The records >>
====

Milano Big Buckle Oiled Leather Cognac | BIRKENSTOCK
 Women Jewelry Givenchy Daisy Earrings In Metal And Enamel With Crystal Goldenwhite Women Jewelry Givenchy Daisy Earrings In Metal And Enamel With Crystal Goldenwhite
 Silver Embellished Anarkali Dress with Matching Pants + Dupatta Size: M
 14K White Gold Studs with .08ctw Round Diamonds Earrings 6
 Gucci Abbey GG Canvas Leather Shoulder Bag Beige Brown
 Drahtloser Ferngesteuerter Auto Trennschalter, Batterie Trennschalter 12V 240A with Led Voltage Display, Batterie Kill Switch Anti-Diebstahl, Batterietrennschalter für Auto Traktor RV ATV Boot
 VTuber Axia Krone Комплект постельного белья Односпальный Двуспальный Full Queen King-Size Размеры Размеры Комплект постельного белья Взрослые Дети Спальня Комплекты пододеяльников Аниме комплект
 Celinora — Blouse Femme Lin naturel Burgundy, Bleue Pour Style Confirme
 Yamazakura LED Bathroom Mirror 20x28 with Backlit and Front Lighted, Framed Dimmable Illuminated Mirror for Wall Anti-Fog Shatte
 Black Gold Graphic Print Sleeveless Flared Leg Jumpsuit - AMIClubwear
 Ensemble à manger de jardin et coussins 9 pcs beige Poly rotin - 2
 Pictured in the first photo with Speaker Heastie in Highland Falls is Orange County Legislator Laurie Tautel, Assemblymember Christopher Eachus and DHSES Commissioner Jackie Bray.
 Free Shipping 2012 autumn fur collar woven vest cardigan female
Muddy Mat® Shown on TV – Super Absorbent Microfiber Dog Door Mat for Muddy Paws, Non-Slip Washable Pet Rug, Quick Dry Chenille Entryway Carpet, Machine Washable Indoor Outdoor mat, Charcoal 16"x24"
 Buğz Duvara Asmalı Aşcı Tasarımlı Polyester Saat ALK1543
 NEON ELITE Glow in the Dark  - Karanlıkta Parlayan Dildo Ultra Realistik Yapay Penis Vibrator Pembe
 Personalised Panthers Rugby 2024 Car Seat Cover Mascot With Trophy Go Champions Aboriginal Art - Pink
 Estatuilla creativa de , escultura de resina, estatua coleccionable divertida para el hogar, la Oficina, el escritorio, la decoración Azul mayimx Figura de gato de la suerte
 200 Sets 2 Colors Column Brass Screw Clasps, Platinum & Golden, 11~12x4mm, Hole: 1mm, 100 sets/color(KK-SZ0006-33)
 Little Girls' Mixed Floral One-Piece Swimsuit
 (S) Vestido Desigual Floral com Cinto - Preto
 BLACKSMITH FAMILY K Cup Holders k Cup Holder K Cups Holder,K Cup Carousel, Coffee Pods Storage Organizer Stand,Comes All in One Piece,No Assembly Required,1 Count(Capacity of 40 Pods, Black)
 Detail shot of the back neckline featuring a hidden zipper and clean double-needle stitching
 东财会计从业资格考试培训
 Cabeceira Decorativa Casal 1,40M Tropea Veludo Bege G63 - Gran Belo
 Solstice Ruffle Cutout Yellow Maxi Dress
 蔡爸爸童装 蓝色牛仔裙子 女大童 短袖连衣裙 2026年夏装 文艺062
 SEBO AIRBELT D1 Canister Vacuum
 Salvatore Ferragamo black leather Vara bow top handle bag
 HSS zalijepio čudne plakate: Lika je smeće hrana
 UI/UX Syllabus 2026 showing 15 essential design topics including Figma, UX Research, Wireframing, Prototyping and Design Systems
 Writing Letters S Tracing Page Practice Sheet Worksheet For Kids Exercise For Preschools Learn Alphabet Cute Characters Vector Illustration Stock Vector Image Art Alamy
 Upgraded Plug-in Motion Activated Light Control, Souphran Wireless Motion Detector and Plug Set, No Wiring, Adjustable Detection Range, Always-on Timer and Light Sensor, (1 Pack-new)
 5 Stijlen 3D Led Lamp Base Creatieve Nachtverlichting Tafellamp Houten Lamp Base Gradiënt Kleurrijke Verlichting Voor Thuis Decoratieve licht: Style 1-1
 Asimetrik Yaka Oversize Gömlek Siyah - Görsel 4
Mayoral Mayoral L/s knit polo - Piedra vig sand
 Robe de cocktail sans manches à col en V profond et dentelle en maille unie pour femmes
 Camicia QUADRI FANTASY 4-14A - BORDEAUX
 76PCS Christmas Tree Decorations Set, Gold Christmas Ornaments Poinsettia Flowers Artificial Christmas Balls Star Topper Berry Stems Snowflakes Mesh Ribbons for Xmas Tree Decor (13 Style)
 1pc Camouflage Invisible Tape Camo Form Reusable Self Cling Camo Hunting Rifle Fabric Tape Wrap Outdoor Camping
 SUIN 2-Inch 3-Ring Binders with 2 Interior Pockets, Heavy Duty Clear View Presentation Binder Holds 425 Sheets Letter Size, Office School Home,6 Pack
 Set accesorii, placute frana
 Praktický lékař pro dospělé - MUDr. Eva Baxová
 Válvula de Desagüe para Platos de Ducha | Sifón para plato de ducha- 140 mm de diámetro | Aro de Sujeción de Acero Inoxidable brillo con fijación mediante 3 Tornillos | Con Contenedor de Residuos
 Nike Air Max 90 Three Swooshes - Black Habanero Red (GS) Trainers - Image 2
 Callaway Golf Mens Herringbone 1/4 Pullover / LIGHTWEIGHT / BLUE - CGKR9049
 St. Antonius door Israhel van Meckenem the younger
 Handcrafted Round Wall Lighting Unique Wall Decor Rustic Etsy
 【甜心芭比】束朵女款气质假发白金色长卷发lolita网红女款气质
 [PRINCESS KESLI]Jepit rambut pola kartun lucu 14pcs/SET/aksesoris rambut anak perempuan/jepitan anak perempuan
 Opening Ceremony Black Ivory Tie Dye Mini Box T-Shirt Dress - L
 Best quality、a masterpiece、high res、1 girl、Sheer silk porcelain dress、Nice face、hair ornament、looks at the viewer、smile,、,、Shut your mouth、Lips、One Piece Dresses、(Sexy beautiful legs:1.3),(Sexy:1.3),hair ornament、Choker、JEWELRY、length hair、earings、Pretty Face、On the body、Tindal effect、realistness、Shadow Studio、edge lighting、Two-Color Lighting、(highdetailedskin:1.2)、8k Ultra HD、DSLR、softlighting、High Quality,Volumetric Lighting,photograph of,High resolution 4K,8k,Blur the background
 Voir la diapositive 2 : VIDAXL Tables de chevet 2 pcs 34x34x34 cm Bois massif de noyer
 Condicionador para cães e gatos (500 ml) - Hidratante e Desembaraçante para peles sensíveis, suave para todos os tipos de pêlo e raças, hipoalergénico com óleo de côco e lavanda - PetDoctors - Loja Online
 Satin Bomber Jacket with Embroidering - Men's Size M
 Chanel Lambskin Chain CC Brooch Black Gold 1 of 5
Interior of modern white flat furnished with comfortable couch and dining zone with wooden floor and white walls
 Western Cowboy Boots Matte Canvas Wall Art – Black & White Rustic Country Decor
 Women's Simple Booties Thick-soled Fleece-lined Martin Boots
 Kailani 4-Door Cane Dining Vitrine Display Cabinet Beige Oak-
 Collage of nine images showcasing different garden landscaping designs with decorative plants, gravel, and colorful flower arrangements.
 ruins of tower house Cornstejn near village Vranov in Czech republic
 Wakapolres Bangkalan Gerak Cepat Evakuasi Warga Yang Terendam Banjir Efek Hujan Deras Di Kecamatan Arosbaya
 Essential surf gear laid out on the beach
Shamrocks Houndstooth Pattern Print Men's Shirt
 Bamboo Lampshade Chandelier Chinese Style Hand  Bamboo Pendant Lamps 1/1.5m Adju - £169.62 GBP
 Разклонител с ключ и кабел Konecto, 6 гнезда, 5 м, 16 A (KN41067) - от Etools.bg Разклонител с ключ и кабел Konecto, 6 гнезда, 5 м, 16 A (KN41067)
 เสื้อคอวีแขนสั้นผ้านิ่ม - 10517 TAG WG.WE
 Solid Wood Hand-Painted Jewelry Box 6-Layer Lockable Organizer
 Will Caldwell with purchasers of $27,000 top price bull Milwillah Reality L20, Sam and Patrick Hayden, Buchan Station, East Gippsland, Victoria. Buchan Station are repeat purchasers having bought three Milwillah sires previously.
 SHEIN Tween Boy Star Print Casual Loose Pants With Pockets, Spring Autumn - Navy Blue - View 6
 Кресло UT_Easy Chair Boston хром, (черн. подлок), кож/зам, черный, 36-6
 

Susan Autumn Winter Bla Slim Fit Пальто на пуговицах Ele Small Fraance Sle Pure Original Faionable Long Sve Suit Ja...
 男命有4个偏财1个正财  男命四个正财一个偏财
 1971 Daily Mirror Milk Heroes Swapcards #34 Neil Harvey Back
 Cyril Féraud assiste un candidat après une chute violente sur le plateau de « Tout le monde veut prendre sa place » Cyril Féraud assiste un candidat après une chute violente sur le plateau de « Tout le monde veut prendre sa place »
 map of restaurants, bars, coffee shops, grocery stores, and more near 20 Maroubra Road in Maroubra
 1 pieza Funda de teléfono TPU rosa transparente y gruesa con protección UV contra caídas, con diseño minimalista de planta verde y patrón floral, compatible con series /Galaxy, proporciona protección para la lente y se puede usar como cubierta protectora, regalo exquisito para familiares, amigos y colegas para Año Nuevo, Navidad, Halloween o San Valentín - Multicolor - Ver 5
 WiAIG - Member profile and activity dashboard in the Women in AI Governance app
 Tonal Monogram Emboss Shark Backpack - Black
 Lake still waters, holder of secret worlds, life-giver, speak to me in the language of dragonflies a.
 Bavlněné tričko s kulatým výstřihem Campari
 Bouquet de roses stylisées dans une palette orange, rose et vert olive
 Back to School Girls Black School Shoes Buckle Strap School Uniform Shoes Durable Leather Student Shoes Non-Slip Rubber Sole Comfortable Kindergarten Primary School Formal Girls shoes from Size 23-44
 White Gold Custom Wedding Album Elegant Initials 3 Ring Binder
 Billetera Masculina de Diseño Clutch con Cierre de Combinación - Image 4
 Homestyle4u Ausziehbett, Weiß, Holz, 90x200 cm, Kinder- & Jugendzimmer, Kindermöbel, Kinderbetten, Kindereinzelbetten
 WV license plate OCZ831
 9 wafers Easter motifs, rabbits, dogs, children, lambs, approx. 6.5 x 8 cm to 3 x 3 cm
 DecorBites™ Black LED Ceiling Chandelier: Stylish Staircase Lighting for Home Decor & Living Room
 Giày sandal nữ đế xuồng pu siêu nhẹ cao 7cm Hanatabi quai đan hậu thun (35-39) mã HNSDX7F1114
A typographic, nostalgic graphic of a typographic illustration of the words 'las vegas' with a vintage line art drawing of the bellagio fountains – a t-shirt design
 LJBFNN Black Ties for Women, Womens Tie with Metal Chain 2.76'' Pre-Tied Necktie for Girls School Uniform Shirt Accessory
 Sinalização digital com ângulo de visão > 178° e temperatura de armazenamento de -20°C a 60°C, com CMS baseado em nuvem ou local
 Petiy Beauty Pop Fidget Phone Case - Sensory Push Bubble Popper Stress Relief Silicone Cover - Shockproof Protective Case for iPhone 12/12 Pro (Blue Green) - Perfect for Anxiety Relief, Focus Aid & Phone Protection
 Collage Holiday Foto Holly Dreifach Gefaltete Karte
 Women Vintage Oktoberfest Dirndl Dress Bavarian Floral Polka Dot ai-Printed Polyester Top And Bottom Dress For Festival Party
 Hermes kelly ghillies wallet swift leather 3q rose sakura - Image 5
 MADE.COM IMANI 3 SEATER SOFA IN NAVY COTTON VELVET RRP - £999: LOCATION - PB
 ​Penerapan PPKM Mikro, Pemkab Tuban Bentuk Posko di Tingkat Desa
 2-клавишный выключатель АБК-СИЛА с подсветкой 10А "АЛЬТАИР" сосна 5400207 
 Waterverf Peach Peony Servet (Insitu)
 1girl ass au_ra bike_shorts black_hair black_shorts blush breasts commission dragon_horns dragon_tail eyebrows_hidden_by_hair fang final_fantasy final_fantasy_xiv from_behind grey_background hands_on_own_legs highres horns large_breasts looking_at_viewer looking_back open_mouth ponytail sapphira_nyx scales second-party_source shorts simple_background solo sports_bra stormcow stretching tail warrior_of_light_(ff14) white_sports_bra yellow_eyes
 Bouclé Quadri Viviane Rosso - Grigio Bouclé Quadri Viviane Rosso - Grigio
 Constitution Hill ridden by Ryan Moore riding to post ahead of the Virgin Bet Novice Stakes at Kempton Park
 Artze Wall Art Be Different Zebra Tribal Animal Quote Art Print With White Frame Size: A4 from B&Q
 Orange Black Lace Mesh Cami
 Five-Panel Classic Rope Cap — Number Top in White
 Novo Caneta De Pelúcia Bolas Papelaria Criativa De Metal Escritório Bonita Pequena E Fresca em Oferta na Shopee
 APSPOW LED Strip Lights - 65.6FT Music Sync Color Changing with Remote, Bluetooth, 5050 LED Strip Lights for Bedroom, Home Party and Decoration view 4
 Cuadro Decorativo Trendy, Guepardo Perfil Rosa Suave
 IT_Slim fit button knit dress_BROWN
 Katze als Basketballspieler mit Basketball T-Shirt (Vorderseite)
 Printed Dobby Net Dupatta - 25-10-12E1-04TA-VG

====

Activity >> Wherever a line in the data above holds "Ultra", copy that line.

Result of this task >>
 NEON ELITE Glow in the Dark  - Karanlıkta Parlayan Dildo Ultra Realistik Yapay Penis Vibrator Pembe
 Best quality、a masterpiece、high res、1 girl、Sheer silk porcelain dress、Nice face、hair ornament、looks at the viewer、smile,、,、Shut your mouth、Lips、One Piece Dresses、(Sexy beautiful legs:1.3),(Sexy:1.3),hair ornament、Choker、JEWELRY、length hair、earings、Pretty Face、On the body、Tindal effect、realistness、Shadow Studio、edge lighting、Two-Color Lighting、(highdetailedskin:1.2)、8k Ultra HD、DSLR、softlighting、High Quality,Volumetric Lighting,photograph of,High resolution 4K,8k,Blur the background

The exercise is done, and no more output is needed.